LAKE MARACAIBO BRIDGE MAP

LAKE MARACAIBO BRIDGE MAP

For the first time, concrete was used for both pylons and deck in a cable-stayed bridge.

In the fifteenth century, when the Spanish conquistador Alonso de Ojeda saw the picturesque thatched huts on stilts over Lake Maracaibo, he was reminded of Venice, and named the place accordingly: Venezuela. Today thousands of lanky oil derricks stand in the lake, as they have since 1914, when oil was discovered there. The discovery transformed Venezuela’s economythe nation remains one of OPEC’s largest producersand led to the development of large-scale public works in the 1950s to improve the country’s infrastructure.

One such project, the Lake Maracaibo Bridge, also known as the Puente General Rafael Urdaneta, after the Maracaibo-born hero of the country’s struggle for independence from Spain, was completed in 1962. A significant engineering achievements of the twentieth century, the innovative bridge was the first multispan cable-stayed bridge and the first prestressed concrete bridge. It stretches 5.4 miles (8.7 kilometers) across Lake Maracaibo’s narrow northern neck, providing the first direct surface link between Maracaibo and the rest of Venezuela.

LAKE MARACAIBO BRIDGE MAP Photo Gallery




It is a work of transcendental economic importance.

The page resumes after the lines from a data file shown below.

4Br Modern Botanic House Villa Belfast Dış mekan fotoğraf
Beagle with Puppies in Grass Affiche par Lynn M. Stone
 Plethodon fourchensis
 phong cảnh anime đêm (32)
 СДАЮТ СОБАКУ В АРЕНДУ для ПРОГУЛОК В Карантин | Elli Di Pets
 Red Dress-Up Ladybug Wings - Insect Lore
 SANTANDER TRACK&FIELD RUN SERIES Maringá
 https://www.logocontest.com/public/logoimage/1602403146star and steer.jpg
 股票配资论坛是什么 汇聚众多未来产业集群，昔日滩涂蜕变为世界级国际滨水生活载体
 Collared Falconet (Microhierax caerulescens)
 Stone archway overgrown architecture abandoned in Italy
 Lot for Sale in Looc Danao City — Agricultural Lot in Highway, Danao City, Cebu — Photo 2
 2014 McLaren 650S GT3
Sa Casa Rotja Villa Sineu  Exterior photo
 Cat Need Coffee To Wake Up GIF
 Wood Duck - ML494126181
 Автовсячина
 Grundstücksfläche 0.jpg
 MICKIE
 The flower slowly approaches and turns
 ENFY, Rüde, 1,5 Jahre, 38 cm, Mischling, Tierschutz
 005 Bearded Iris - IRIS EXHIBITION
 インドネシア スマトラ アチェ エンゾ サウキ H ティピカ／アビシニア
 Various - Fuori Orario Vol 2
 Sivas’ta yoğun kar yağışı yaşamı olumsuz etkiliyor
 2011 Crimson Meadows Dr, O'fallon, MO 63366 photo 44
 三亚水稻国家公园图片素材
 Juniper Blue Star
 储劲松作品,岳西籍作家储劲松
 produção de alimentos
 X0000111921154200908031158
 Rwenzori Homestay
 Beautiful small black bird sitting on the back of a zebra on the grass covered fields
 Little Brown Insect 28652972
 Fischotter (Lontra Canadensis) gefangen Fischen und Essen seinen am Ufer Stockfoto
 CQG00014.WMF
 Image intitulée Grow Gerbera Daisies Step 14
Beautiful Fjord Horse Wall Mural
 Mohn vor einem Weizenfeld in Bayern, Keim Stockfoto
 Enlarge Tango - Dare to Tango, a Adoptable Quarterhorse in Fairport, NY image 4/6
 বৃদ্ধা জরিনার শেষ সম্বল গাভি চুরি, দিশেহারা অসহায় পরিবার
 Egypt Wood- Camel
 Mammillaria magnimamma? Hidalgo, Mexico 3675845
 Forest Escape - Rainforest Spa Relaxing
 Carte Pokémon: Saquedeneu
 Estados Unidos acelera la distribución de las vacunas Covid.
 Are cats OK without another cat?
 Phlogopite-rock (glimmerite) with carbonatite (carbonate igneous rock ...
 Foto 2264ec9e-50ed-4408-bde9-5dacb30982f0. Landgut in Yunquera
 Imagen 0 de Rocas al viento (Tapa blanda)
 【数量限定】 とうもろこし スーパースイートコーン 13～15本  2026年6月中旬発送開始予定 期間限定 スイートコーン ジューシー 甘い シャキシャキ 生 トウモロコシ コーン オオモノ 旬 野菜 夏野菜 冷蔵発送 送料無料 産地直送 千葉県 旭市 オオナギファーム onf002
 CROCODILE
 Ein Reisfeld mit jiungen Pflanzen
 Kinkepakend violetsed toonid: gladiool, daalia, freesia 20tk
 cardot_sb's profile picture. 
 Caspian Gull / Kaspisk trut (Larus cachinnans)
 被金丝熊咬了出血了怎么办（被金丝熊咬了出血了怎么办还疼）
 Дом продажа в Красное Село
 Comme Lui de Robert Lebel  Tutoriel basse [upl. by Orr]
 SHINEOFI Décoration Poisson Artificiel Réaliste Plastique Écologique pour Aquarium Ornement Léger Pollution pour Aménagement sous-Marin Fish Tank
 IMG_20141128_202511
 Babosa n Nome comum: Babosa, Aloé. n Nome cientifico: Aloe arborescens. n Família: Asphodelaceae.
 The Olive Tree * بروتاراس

Eleven of the twelve submissions to the government’s international request for proposals for the vast lake crossing were designs in structural steel. The exception was the reinforced-concrete cable-stayed design by the brilliant Italian engineer and teacher Riccardo Morandi (1902-1989). Like his peers Pier Luigi Nervi, Robert Maillart, and Felix Candela, Morandi transformed reinforced concrete from a purely structural medium into an instrument of architectural expression. The powerful, square-shouldered profile that Morandi developed at Lake Maracaibo would prove a signature design, one that he would vary in his future cable-stayed bridges, notably the Polcevera Viaduct (1968) in Italy and the Wadi Kuf Bridge (1972) in Libya.

Morandi’s design was chosen for economic and political reasons as well as for aesthetic ones. Less expensive than steel, concrete would require less maintenance in the corrosive tropical environment. Moreover, the local labor force would benefit from the experience of working in prestressed concrete, a plus for a country that was rapidly expanding in the wake of the 1958 overthrow of its military dictatorship.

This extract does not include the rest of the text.